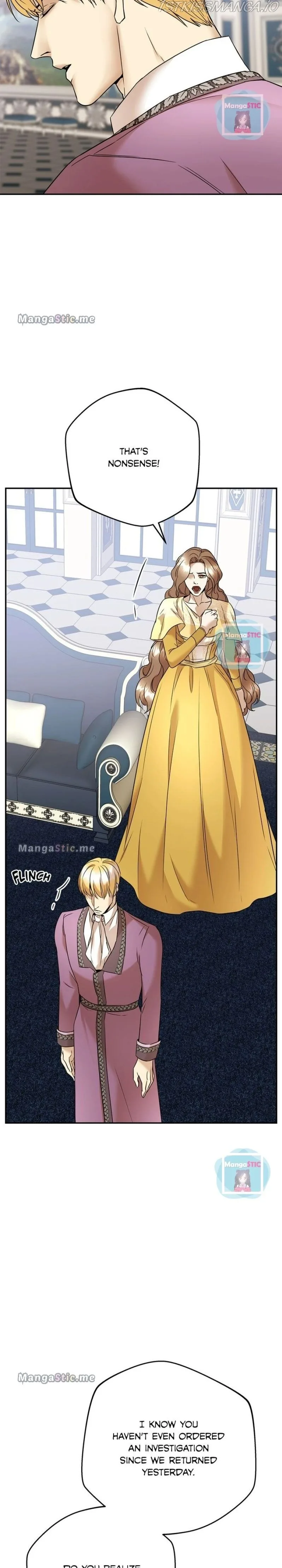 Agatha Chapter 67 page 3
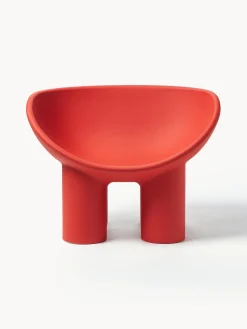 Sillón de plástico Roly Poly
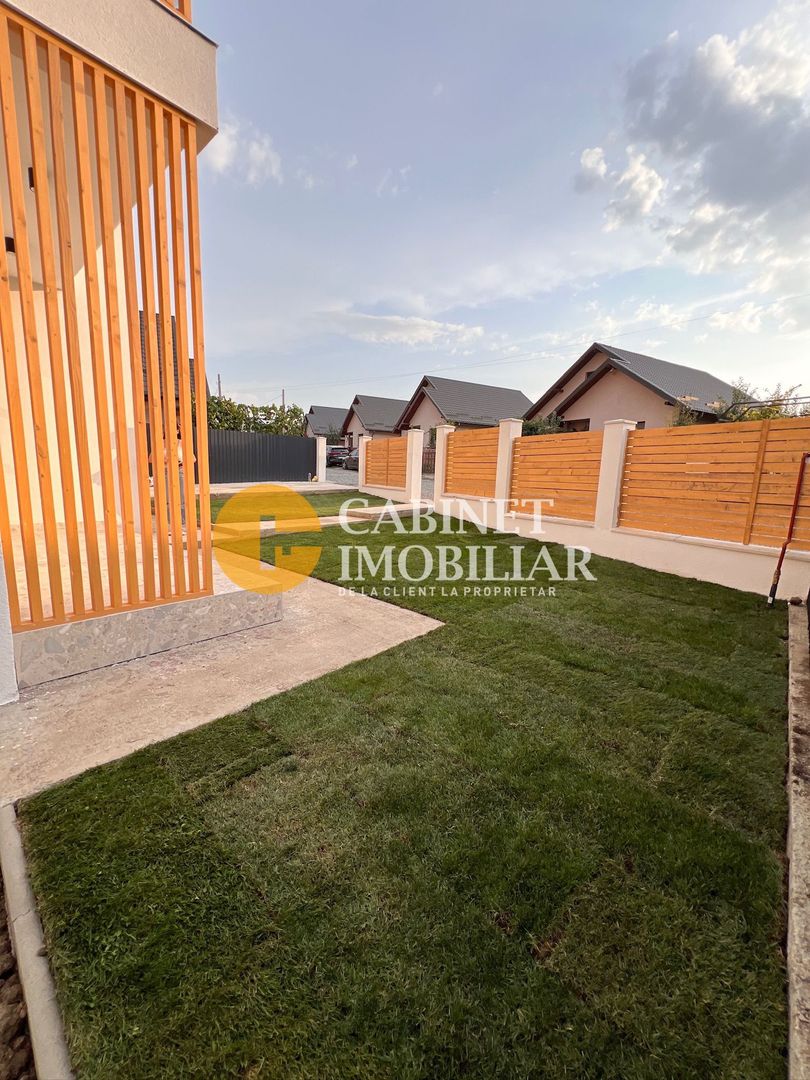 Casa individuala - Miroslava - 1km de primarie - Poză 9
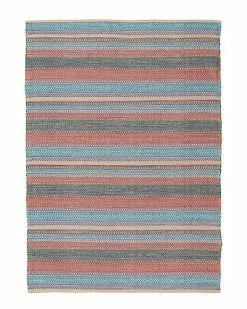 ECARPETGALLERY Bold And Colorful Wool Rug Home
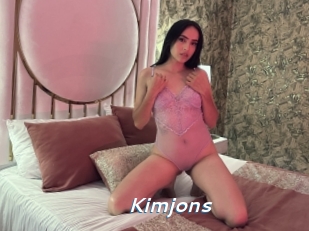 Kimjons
* * * *
### THE PROBLEM
What is needed is an exact copy of only the lines from the line containing "Sillón de plástico Roly Poly" through the last line of the entries, inclusive, without the pictures.

### RESPONSE TO THIS EXERCISE
 Sillón de plástico Roly Poly
 Casa individuala - Miroslava - 1km de primarie - Poză 9
 ECARPETGALLERY Bold And Colorful Wool Rug Home
 Kimjons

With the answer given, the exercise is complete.